*** Data extract ***

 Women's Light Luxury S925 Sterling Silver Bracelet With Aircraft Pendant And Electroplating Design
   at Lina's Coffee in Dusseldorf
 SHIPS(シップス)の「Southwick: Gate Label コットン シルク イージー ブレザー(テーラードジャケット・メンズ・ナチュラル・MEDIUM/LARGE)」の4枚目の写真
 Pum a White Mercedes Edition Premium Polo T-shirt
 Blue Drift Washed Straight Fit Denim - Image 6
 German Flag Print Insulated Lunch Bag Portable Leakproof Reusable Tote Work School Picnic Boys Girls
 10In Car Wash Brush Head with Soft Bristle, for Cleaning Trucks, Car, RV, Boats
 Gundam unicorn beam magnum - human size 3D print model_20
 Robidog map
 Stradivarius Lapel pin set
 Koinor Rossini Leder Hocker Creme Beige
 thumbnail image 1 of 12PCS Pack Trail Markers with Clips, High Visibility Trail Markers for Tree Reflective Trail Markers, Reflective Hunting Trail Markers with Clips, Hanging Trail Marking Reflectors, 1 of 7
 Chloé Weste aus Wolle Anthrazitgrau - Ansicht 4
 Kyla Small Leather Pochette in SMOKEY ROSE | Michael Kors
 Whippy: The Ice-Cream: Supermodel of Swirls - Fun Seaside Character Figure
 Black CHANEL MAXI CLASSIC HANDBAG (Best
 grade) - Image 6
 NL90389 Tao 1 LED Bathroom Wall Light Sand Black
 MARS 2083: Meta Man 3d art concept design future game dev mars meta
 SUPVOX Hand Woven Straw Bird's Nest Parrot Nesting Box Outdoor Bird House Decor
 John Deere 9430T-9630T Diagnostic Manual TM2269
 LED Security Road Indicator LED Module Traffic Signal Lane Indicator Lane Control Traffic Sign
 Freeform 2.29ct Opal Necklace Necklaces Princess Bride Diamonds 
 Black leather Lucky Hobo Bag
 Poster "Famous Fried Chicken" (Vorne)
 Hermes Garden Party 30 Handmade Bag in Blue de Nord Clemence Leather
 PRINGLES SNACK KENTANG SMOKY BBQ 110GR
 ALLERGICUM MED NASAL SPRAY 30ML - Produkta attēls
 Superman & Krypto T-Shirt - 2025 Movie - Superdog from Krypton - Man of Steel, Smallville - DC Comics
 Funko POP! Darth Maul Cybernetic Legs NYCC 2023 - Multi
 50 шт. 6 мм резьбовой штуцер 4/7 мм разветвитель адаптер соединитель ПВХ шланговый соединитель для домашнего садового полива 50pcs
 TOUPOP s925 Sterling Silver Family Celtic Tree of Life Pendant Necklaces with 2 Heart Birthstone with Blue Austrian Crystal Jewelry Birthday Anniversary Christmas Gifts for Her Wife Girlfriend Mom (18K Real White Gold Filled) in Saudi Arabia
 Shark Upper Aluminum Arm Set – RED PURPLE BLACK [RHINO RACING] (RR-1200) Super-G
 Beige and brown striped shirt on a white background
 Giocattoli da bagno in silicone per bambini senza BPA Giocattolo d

*** End of Data extract ***

Aim of the exercise:
Would you transcribe, exactly, the lines running from the one that contains "MARS 2083: Meta" through the final line of the listing above? Include both ends and nothing else.

Finished task:
 MARS 2083: Meta Man 3d art concept design future game dev mars meta
 SUPVOX Hand Woven Straw Bird's Nest Parrot Nesting Box Outdoor Bird House Decor
 John Deere 9430T-9630T Diagnostic Manual TM2269
 LED Security Road Indicator LED Module Traffic Signal Lane Indicator Lane Control Traffic Sign
 Freeform 2.29ct Opal Necklace Necklaces Princess Bride Diamonds 
 Black leather Lucky Hobo Bag
 Poster "Famous Fried Chicken" (Vorne)
 Hermes Garden Party 30 Handmade Bag in Blue de Nord Clemence Leather
 PRINGLES SNACK KENTANG SMOKY BBQ 110GR
 ALLERGICUM MED NASAL SPRAY 30ML - Produkta attēls
 Superman & Krypto T-Shirt - 2025 Movie - Superdog from Krypton - Man of Steel, Smallville - DC Comics
 Funko POP! Darth Maul Cybernetic Legs NYCC 2023 - Multi
 50 шт. 6 мм резьбовой штуцер 4/7 мм разветвитель адаптер соединитель ПВХ шланговый соединитель для домашнего садового полива 50pcs
 TOUPOP s925 Sterling Silver Family Celtic Tree of Life Pendant Necklaces with 2 Heart Birthstone with Blue Austrian Crystal Jewelry Birthday Anniversary Christmas Gifts for Her Wife Girlfriend Mom (18K Real White Gold Filled) in Saudi Arabia
 Shark Upper Aluminum Arm Set – RED PURPLE BLACK [RHINO RACING] (RR-1200) Super-G
 Beige and brown striped shirt on a white background
 Giocattoli da bagno in silicone per bambini senza BPA Giocattolo d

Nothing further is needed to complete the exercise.